Alex found himself increasingly drawn to Iris's quiet strength, her fierce resilience, the unwavering spark in her hazel eyes that refused to be extinguished. He saw beyond the teenage girl, seeing the warrior she was becoming. A fragile romantic tension, a human warmth in the apocalypse's cold embrace, began to flicker between them, subtly woven into every shared glance, every quiet gesture of support.
Meanwhile, David's quiet but relentless gathering of intelligence continued. He spent hours in hushed conversations with Major Evans and Captain Miller, their voices low, urgent, poring over maps and fragmented reports. The global situation was dire, confirming the President's grim broadcasts. More countries were falling. The Cerebral Necrosis Virus (CNV) had become a global plague.
He intercepted fragmented military communications, filtering through layers of static and code. Words like "unique biological profiles" and "retrieving assets from Ground Zero" became increasingly frequent. David felt a cold knot tighten in his gut. They were actively looking for people like Iris. And he knew, with chilling certainty, that if they found her, she'd be a tool, a specimen, not a daughter. He ran a hand over his own arm, a phantom touch to the scar that wouldn't yet exist. His paranoia for Iris, and now implicitly for himself, deepened. He pushed their training harder, knowing their time here, under the government's eye, was limited.
The Fort Hamilton's facade of order began to fray. Rations, once adequate, became noticeably tighter. The mess hall lines grew longer, the food blander, the murmurs of discontent more pronounced. Overcrowding led to petty conflicts among the hundreds of refugees crammed into barracks and temporary shelters. Basic illnesses, non-CNV related, spread easily in the close quarters, straining the already overwhelmed medical teams.

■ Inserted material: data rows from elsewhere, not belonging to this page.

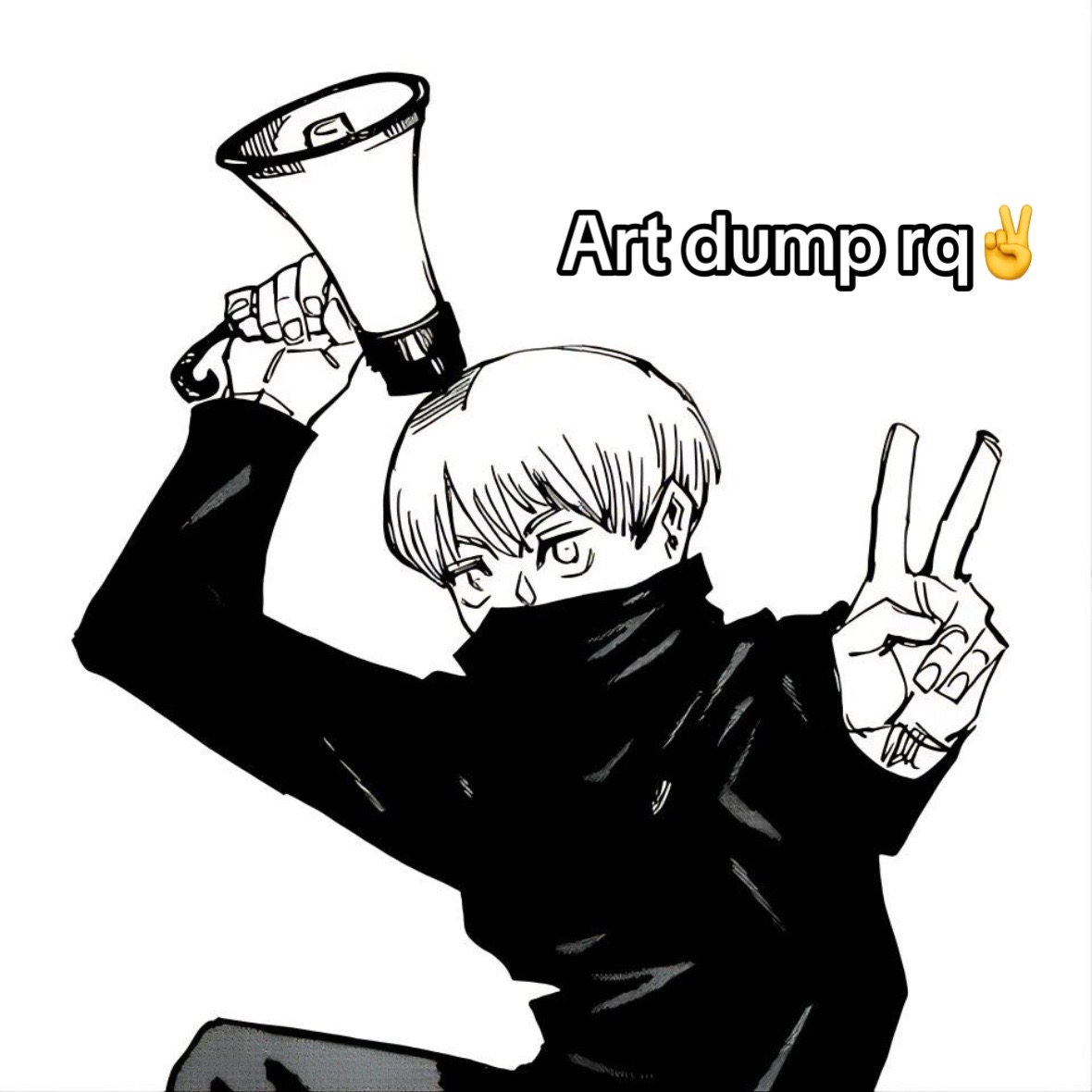 @ʸᵒʲⁱ
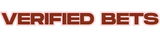 Verified Bets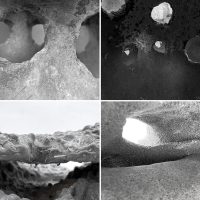 تصویر-کاور-مرور-پایه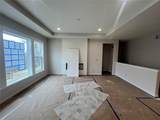 7226 Country Ridge Drive - Photo 5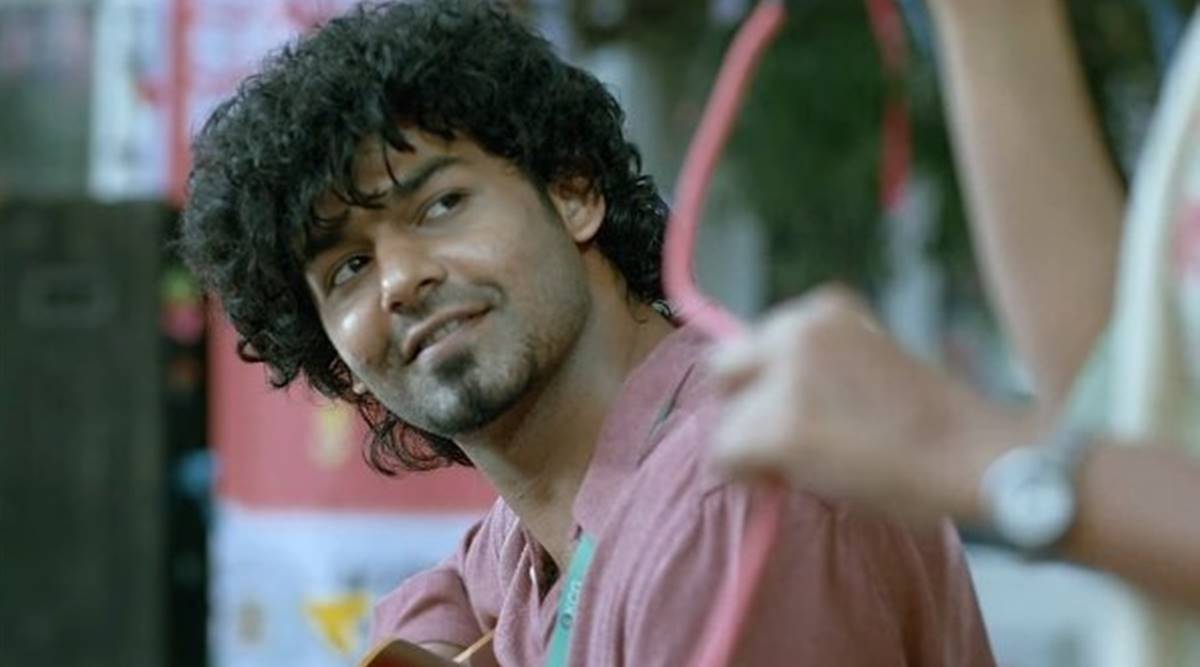 Pranav Mohanlal's Hridayam gets OTT release date | Malayalam News - The  Indian Express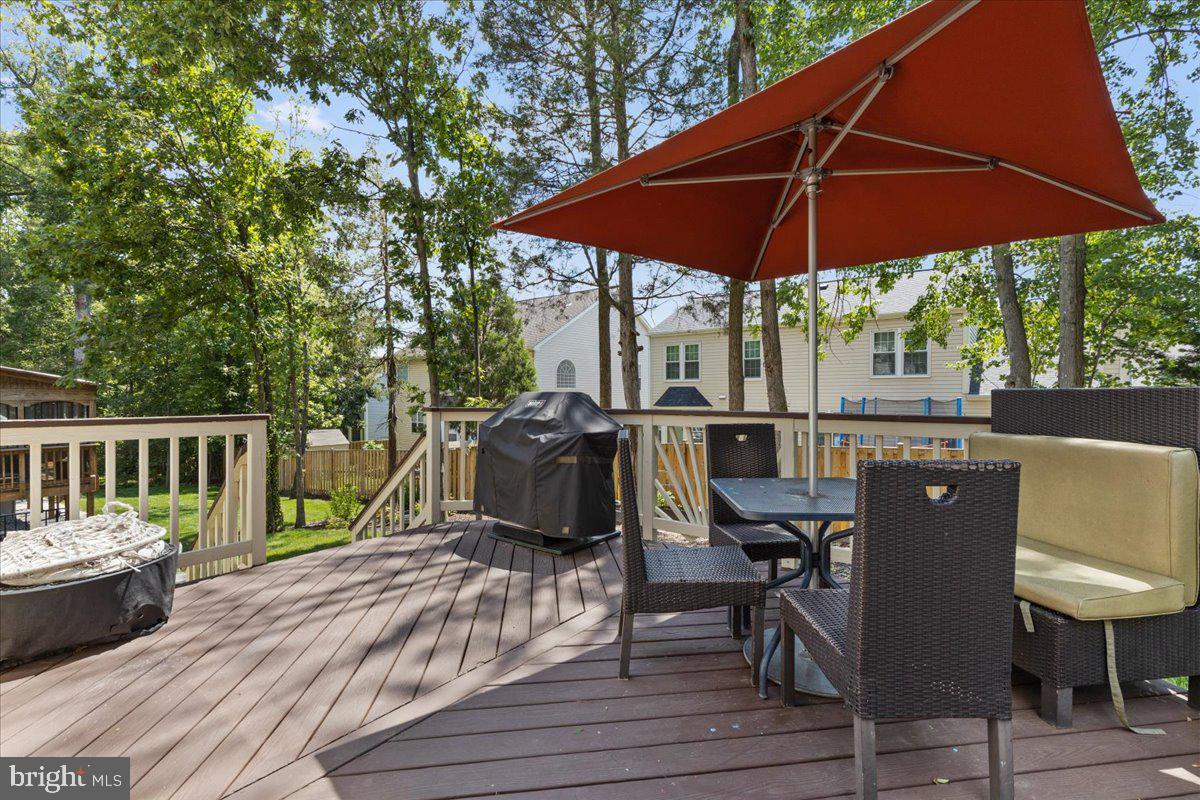 GREEN TRAILS - Residential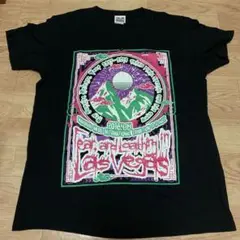 新品未使用品！Fear.and Loathing in Lasvegas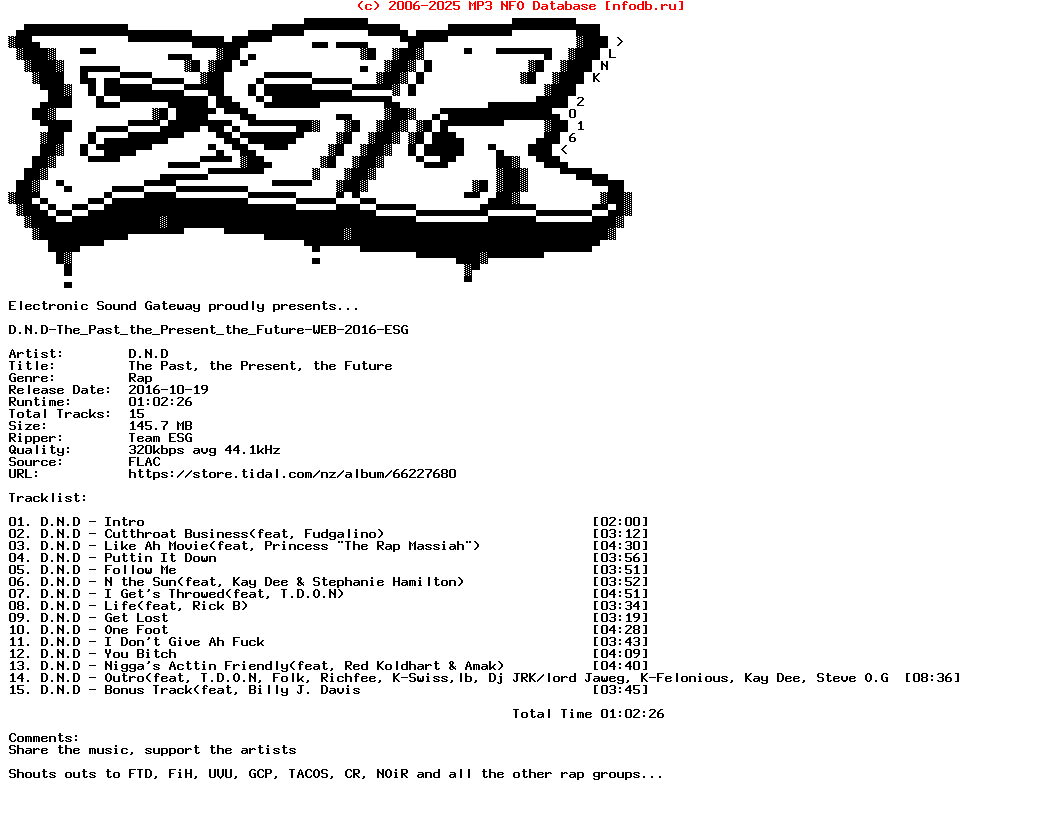 D.N.D-The_Past_The_Present_The_Future-WEB-2016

The external threats escalated. The sounds of distant skirmishes and zombie activity outside the perimeter became much more frequent, louder, and closer. Patrols reported increasingly agitated and numerous zombie hordes. The constant, low hum of the base's perimeter defenses was now punctuated by the sharper blare of warning sirens, sending soldiers scrambling to reinforced positions.
David, leaning against a cold concrete wall, watched a fresh batch of weary, terrified refugees being ushered in. Their faces reflected the horrors he knew too well. He listened to the distant, relentless thud-thud-thud of heavy artillery fire from beyond the outer walls, a sound that meant the line was barely holding. Fort Hamilton, the mirage of safety, was dissolving into the grim reality of a temporary cage. He knew, with a soldier's chilling certainty, that it would not hold. The decision was already made. He had to plan their next escape, a silent, solitary burden, before the choice was taken from them completely.